Pedro stated that there is a sense that the local economy has begun to stabilize. He pointed out the investment of Sierra Pacific Industries, new retailers, expansion of businesses like Sandvik and Avalon Healthcare, increases in tourism, and the leveling of permit activity versus sharp declines of years past.
“Over the past five years, the community (public and private sector) have worked individually and collectively to make Tuolumne County a more attractive place for existing and new businesses to invest,” stated Pedro.
That said, Pedro was quick to point out that the economy is not fully healed, and projects a small county deficit in fiscal year 2012-13. He said the expectation is that there will be another 1-2 years of suppressed construction in the county, and declines in property valuations.
However, Pedro projects that Tuolumne County appears poised for improvements starting in late 2013 and early 2014. He cited various reports and forecasts from economic analysts. It was noted that construction activity has already started to pickup in the San Francisco Bay Area. Historically, economic recoveries start along the coast and slowly spread to the Central Valley and foothills.
Some of the highlights of Pedro’s multiyear forecast:
-Tuolumne County’s general revenues are expected to decrease in fiscal year 2012-13, stabilize in 2013-14, and begin modest overall growth in 2014-15.
-Property values and related tax receipts are anticipated to decline over the next two years (3% decrease in 2012-13 and 2% decrease in 2013-14), remain flat in 2014-15, and then start to grow in 2015-16.
-Other general revenues (sales tax, cable franchise fees and the transient occupancy tax) will continue to grow as the state and local economy improves.
Pedro recommended that the Board of Supervisors implement the following budget strategies:
1. Double-down on the county’s emphasis and commitment to economic development
2. Promote the county’s legislative platform (Secure Rural Schools renewal, turn J-59 over to the state, and encourage reforms related to prevailing wage)
3. Pursue key elements of the 5-year-plan (Fire and First Responder follow-through, Library Sustainability Plan, Recreation Sustainability Plan)
4. Continue to follow the Board of Supervisors adopted budget policies (Balance annual operating budgets without use of one-time money)

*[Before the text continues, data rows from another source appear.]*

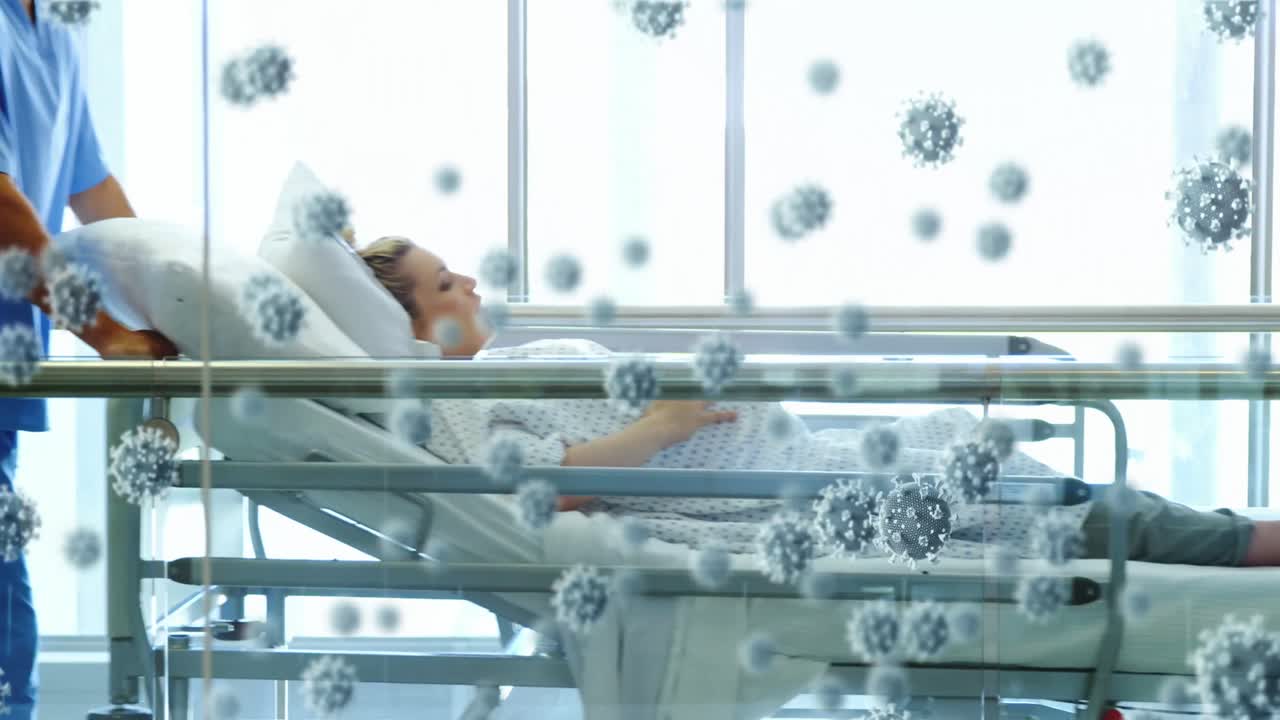 코로나19 세포가 여성 환자를 운전하는 의료 전문가를 상대로 떠다니고 있습니다.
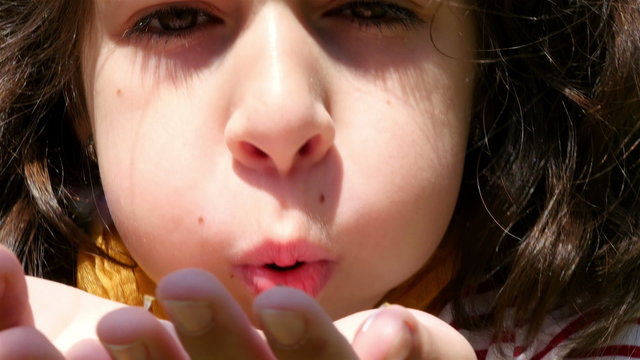 Girl holding in hands and blowing daysies
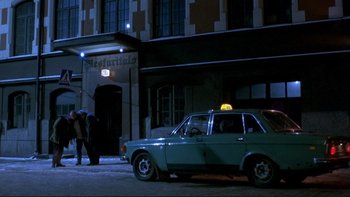 Movie still from “Night on Earth” (1991), directed by Jim Jarmusch – An old car parked in front of a building at night; Wide shot, Low angle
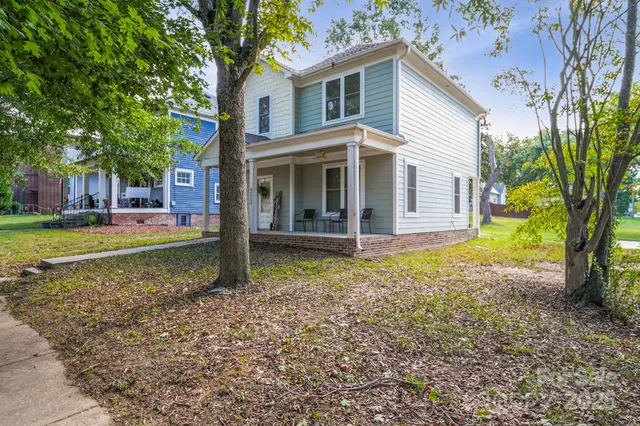 a view of a house with backyard and trees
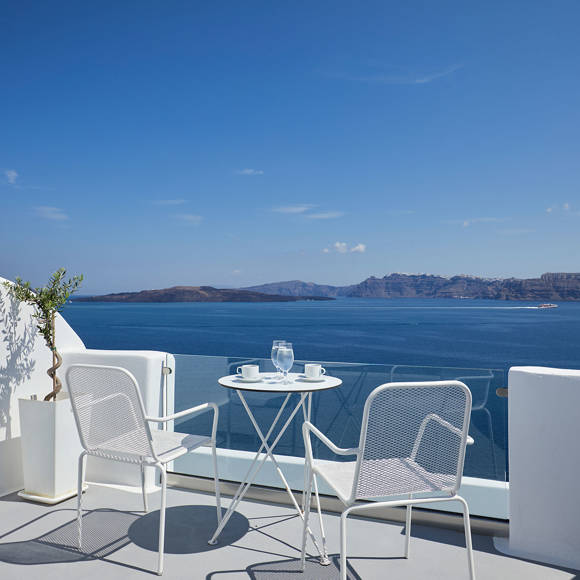 Santorini View Hotel balcony in white colors with furniture and view at the aegean sea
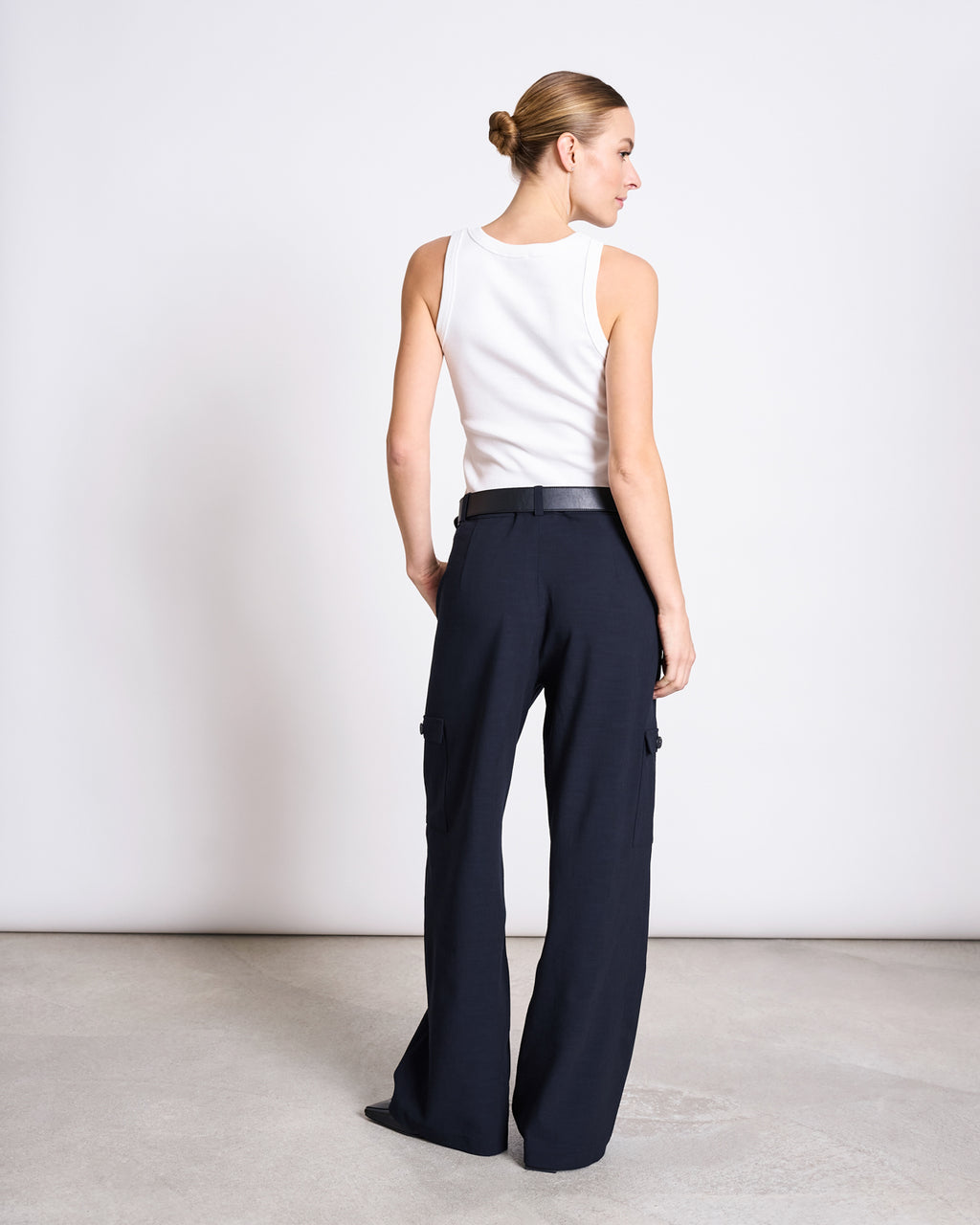 A woman with her hair in a neat bun wears the jan-n-june ORGANIC COTTON TANK TOP PORTO LONG WHITE GOTS, a slim fit ribbed tank, paired with dark wide-leg trousers. She stands on a light floor against a plain white background.
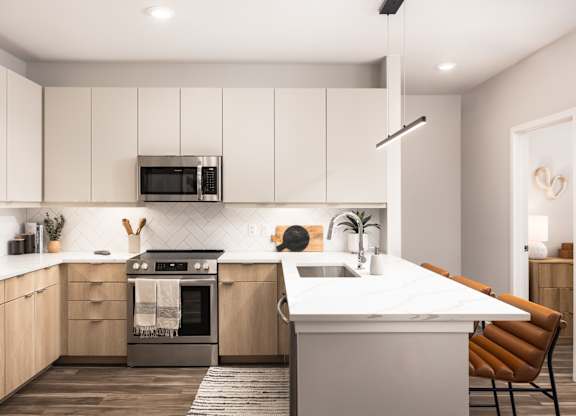 A modern kitchen with a white countertop and wooden cabinets.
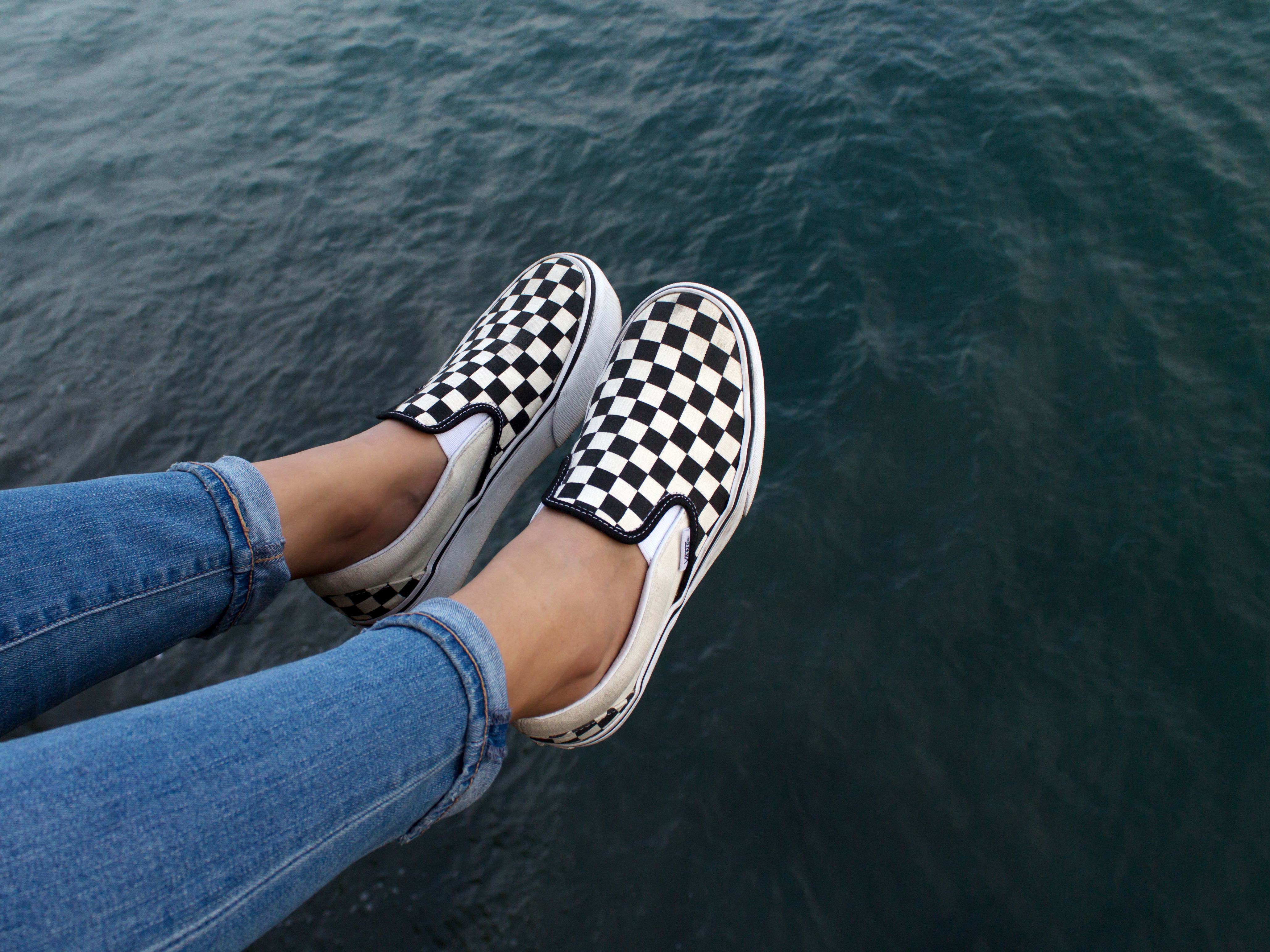 checkerboard slip on vans on feet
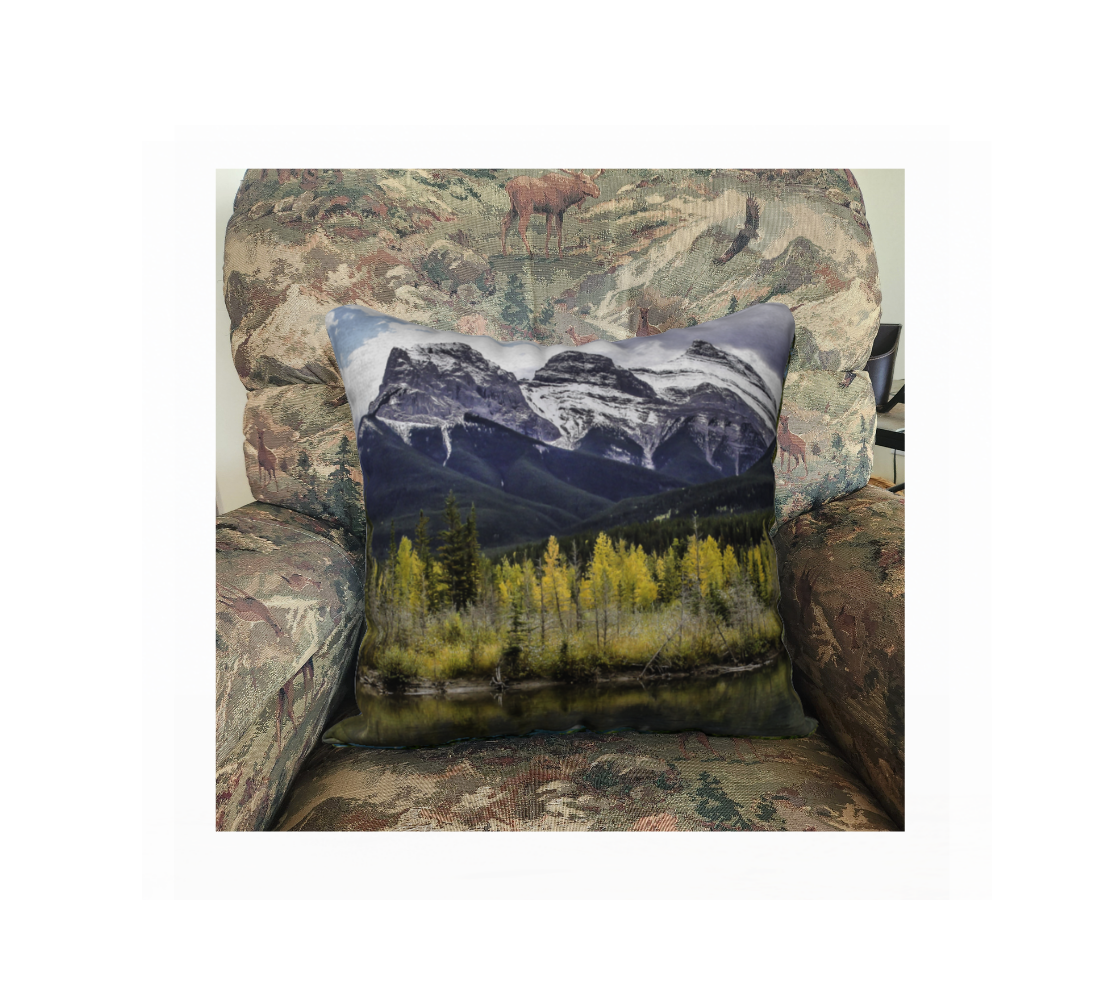 A Canadian-made soft plush velveteen cushion cover featuring a real North American wildlife image of a mountain scene. Solid black velveteen on the reverse side with a durable hidden zipper. Measures 18” x 18”.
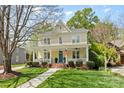 Charming two-story home featuring a welcoming front porch and a beautifully landscaped front yard at 2569 Lower Assembly Dr, Fort Mill, SC 29708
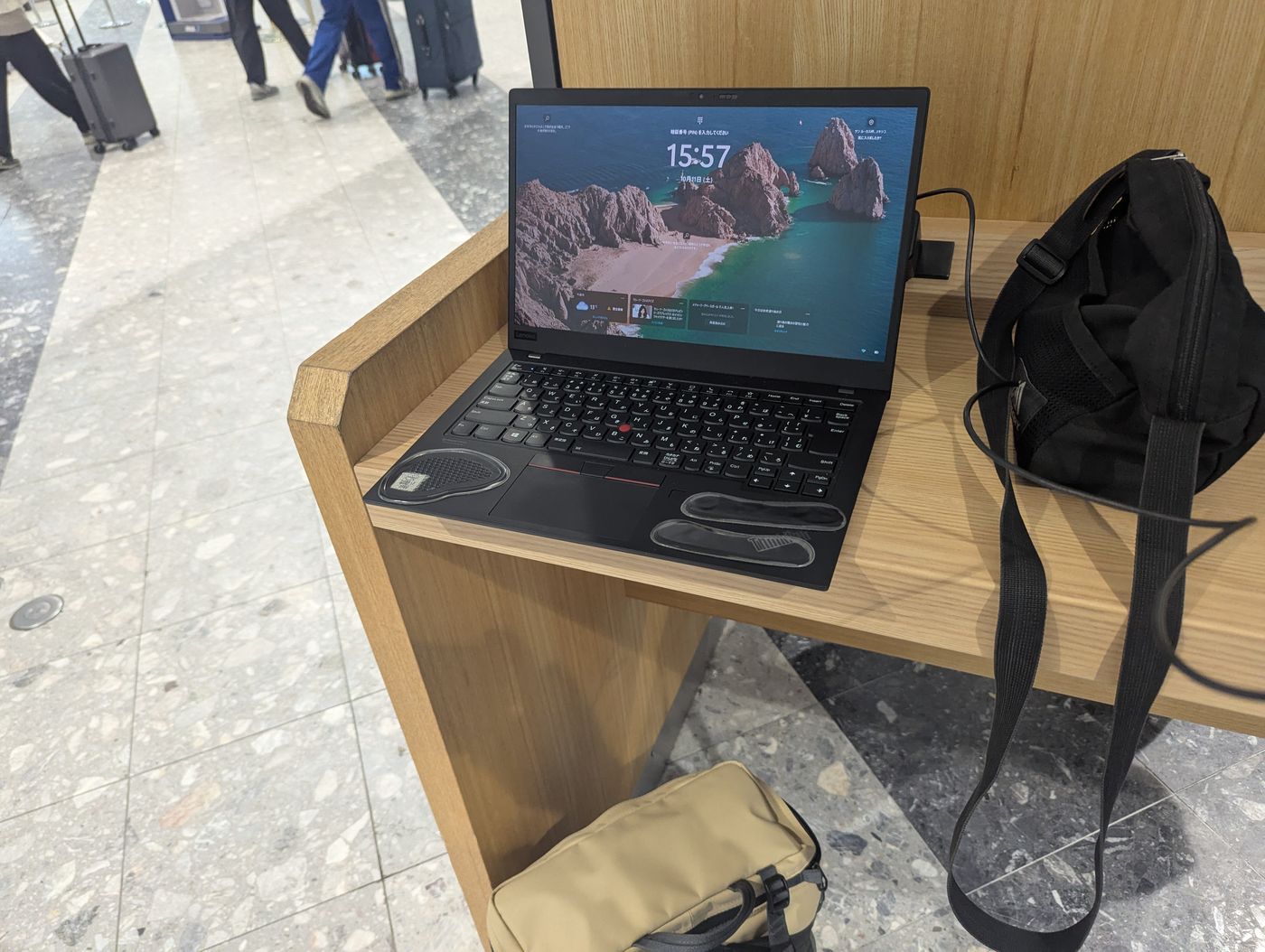 新千歳空港の共有デスクに置かれたノートパソコンとバックパックの作業風景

5. Follow the plan/strategies that have guided the county thus far (Economize whenever possible, eliminate services that the private sector can provide, streamline and cut costs by reorganization)
It was noted in the presentation that there are still many uncertainties that could alter the long-term forecast.
It is unknown whether the Governor’s proposed tax increases will be approved by voters in November, whether the President’s Healthcare Reforms will be overturned by the Supreme Court, whether the Secure Rural Schools legislation will be extended, if local voters approve the expansion of the Transient Occupancy Tax, how the European debt crisis will play out, the longevity of increasing gas prices, and so forth.
The budget report was approved by the Supervisors with a 5-0 vote.